Caregiver Activist Seizes Golden Globes Moment

Ai-jen Poo, who advocates for domestic workers from nannies to home heath aides, recently attended the Golden Globes as Meryl Streep’s plus-one. Poo is the executive director of the National Domestic Workers Alliance, the recipient of the 2014 MacArthur “genius” grant and the co-creator of the Caring Across Generations campaign. The National Domestic Workers Alliance advocates for domestic workers ranging from nannies to home health workers.

Home Health Care News caught up with her about the Golden Globes, harassment in home care, and what’s next after the #MeToo movement.

Can you talk about the experience of going to the Golden Globes?


The experience was uniquely powerful because it was really the coming together of many organizations and groups of women affected by sexual assault, harassment and discrimination, who were uniting across industries and communities to say, “We all deserve to live and work in a safe and dignified environment. We’re going to come together to continue to build our organizing and our momentum and our power so we achieve that future.”

It was just a moment to be able to make our unity visible and hopefully to inspire lots of people—including survivors who may be isolated—to know that they’re not alone and that there’s a growing movement out here trying to change the world.

The workforce that I represent is a workforce that works in the private home as domestic workers cleaning, or as nannies caring for children, and as home care workers caring for the aging and supporting people with disabilities to live independently. That work can be very isolating in that it’s often hidden behind closed doors. Especially in the private-pay gray market, there’s really no list anywhere, no place that these workplaces are registered. There’s an invisibility to the work, and being able to have the visibility of a platform like the Golden Globes to draw attention to the experiences of the women who do this work was very, very important to us.


How prevalent is sexual harassment in home care?

Unfortunately, it is quite prevalent, as are many other abuses. When you have a workforce that’s largely working in isolation behind closed doors, it’s a breeding ground for unscrupulous practices, particularly when you look at a workforce where there’s high concentrations of women who are immigrant women and women of color. There’s just a high degree of vulnerability and very little in the way of accountability.

This workforce has been systematically excluded from some of the most basic labor protections that other workers have taken for granted since the New Deal. There’s a long history behind that exclusion but essentially when Congress in the 1930s was debating the policies that would be known as the tenets of the New Deal, southern members of Congress refused to support the labor laws that were going to be a part of the New Deal if they included farm workers and domestic workers, who were largely black workers at the time. That history of racial exclusion in our labor laws has really shaped and created the vulnerability for this workforce ever since.

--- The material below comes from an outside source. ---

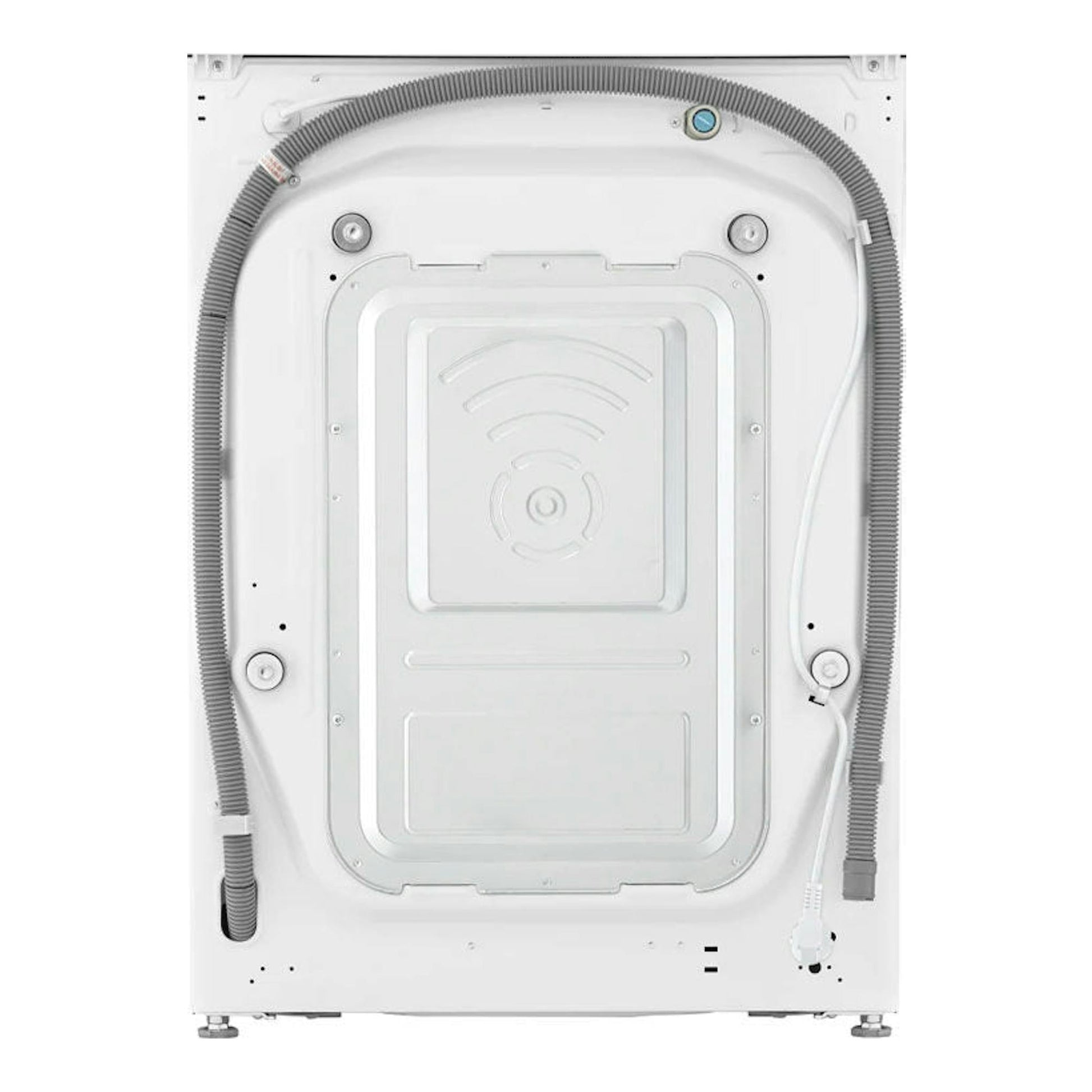 Lavadora LG F4WV5012S0W blanca, vista trasera, con mangueras y panel posterior metálico.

First of all, though, the work is so profoundly undervalued. The average or the annual median income for a home care worker is around $13,000 per year. So we’re talking about a workforce that’s working incredibly hard and still unable to pay the bills and care for their own families. Plus, because of the isolation of the work, the incidences of abuse are actually quite frequent. We often hear stories of sexual harassment, of groping, fondling, even sexual assault, [of] employers, households creating a hostile environment with pornography and other things. I think there’s a way in which the exclusion—and the way that the exclusions have relegated this work to the shadows of our economy—have created a breeding ground for shadowlike behavior on the part of employers.

What have been your takeaways from the recent discussions and revelations about sexual harassment in the workplace?

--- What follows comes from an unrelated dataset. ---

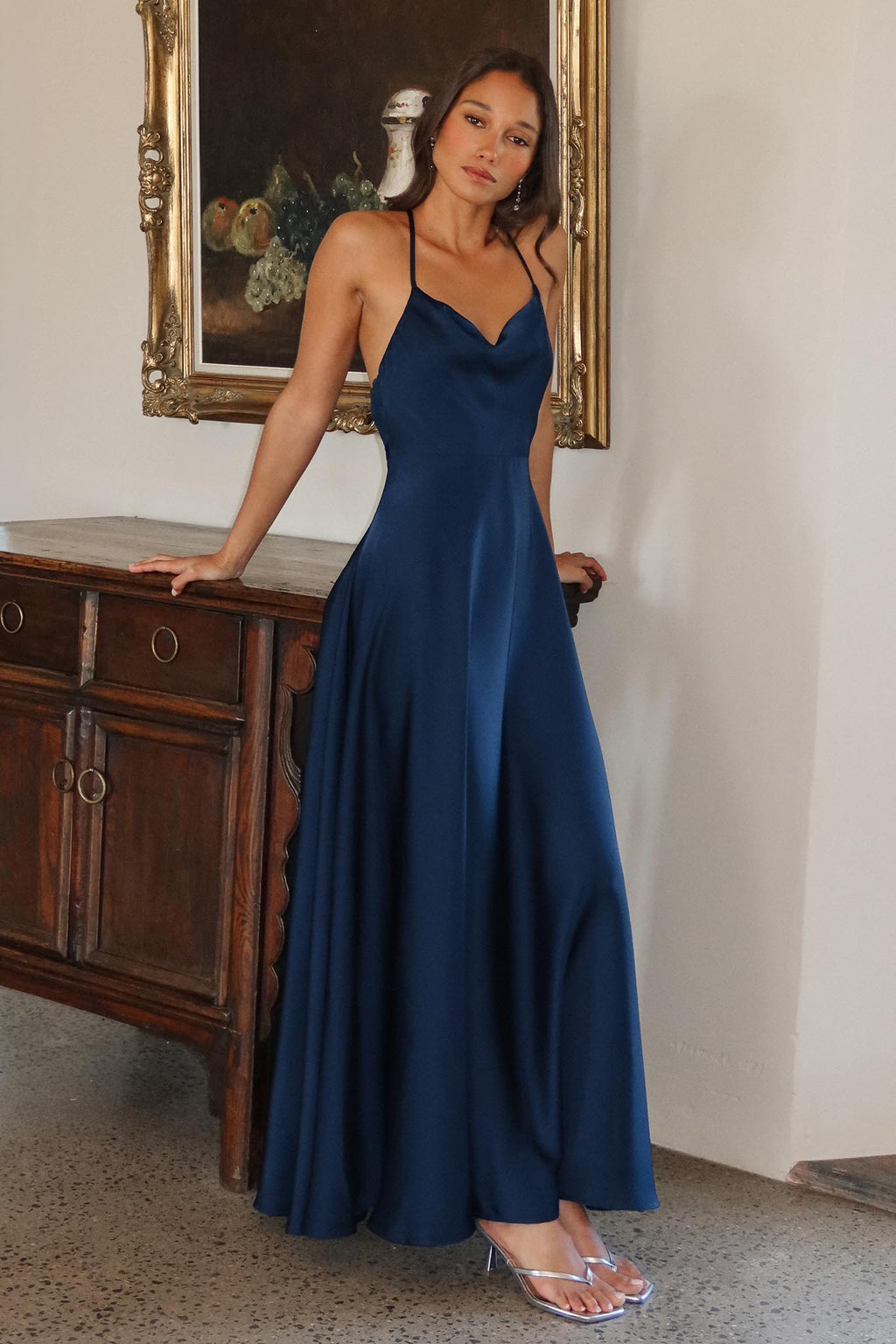 Andreis Cowl Neck Maxi Dress Navy by Selfie Leslie Australia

One thing I took away is that it’s not just domestic workers. There’s so many millions and millions of workers, both women and men, who fall through the cracks of our existing protections, whether they’re working as independent contractors, or they’re working as farm workers or they’re tipped workers. There’s so many workers who are working really hard in this economy and completely unprotected from unscrupulous practices on the part of both employers and, if they’re in the service economy, clients or customers. So we just have to really update—and in some ways revolutionize—our harassment policies to better protect working people and to ensure that no one is left behind.

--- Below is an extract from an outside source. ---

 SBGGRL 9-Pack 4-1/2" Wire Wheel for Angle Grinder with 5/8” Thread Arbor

What would you personally like to see from the discussions, especially with regard to domestic workers and home health and home care workers?

I would love to see a whole new awareness about the professionalism of this work and a way in which we recognize the critical role that this workforce is playing in our current economy and in our future economy.

Care jobs are going to be a huge share of the workforce of the future, and we have simply got to make these jobs good jobs that you can take pride in and support your family on, where one generation can do better than the next. Just like we did with manufacturing jobs in the 1930s, which used to be, frankly, sweatshop jobs that were dangerous and low-wage, and there were a lot of immigrant women doing this work, women of marginalized social status doing this work. We’ve managed to make those jobs good jobs that created economic mobility for generation after generation, and that is exactly what we must do with care jobs and other low-wage service jobs, which are disproportionately where women are concentrated and disproportionately poverty-wage jobs.

What is next?

I think that we continue to support survivors. People continue to come out and speak their truths, and it is very important that those survivors have access to legal services and emotional health services and all the supports that help people heal from trauma. We need to ensure that those cases and those stories inform how we design our public policy solutions so we can continue to strengthen the way that we support survivors, hold abusers accountable, but also to prevent these kinds of violations from happening in the future.

This interview has been edited and condensed for length and clarity.